Two final (potential) explanations for the residual ethnic gaps are ethnic differences in preferences and expectations such as risk aversion (Constant et al. 2010; Filippin 2009) and the role of ethnic networks and school segregation (Dustmann et al. 2010; Winters et al. 2001). The latter explanation is particularly relevant for the Flanders setting as (former) migration policies in the region may have strengthened ethnic networks and segregation instead of fostering integration and assimilation (Sect. 2.3). To the extent that these dynamics are more salient for female pupils, they might also explain our main results.

5 Conclusion

In this study we investigated gender differences in ethnic gaps in educational and initial labor market outcomes in Flanders, Belgium. To this end, we employed a unified statistical framework of educational and school-to-work transitions that accounts for selection on family background and educational sorting on unobservables. We found that second-generation Turkish and Moroccan youths lag natives in timely completion of secondary schooling, beginning tertiary education and in school-to-work transition, even after adjusting for differences in family socioeconomic background. These residual ethnic gaps are larger for women than men. For example, among less-educated persons, native males are approximately 30 % more likely than Turkish and Moroccan males to be employed 3 months after leaving school, while the corresponding female employment gap is greater than 60 %. In addition, we showed that these gaps are consistent with substantial residual ethnic gaps in the transition to first marriage, though not in other demographic behaviors such as transition to a first birth or cohabitation.

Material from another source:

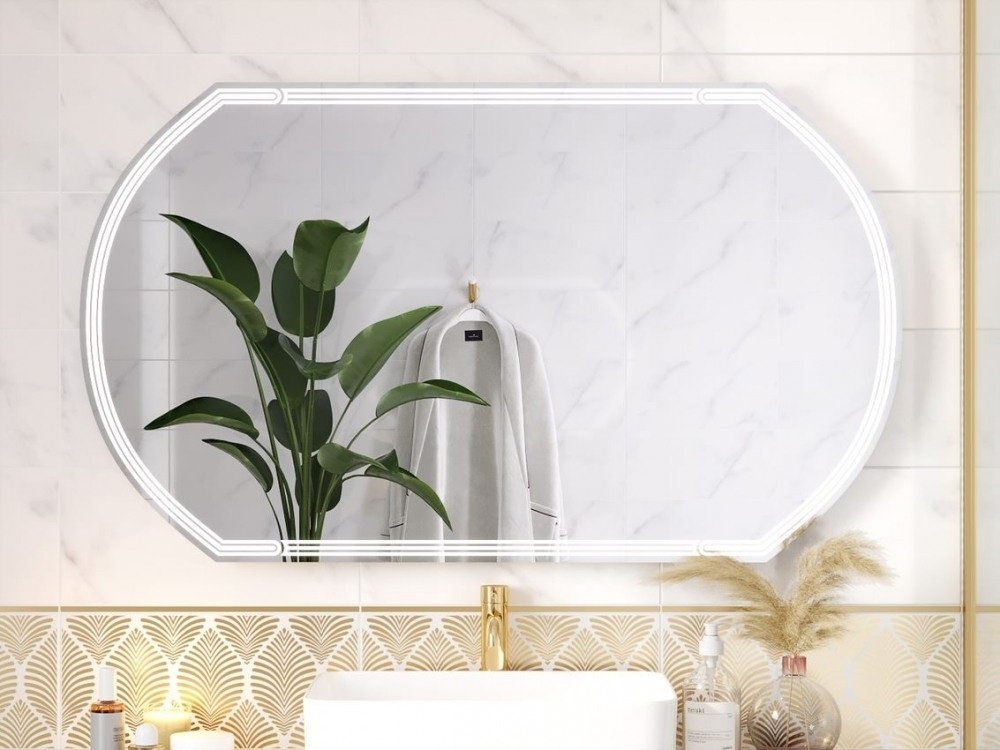 Зеркало настенное Cersanit LED 090 design 120x70см купить,110600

Our conclusion at the end of the results section that it is difficult to disentangle the culture and discrimination explanations for residual ethnic gaps has implications for future research on ethnic employment gaps. First, it would be useful to repeat the aforementioned employment audit study of Baert et al. (2015) for a pool of female applicants with an emphasis on differences in ethnic discrimination by family processes (e.g., Correll et al. 2007). Second, because for education outcomes we found large residual ethnic education gaps in “on time” education only, studies are needed to establish the importance of timely progression in education for labor market and other economic outcomes. This would seem particularly important for Flanders since a substantial proportion of natives also complete education with delays.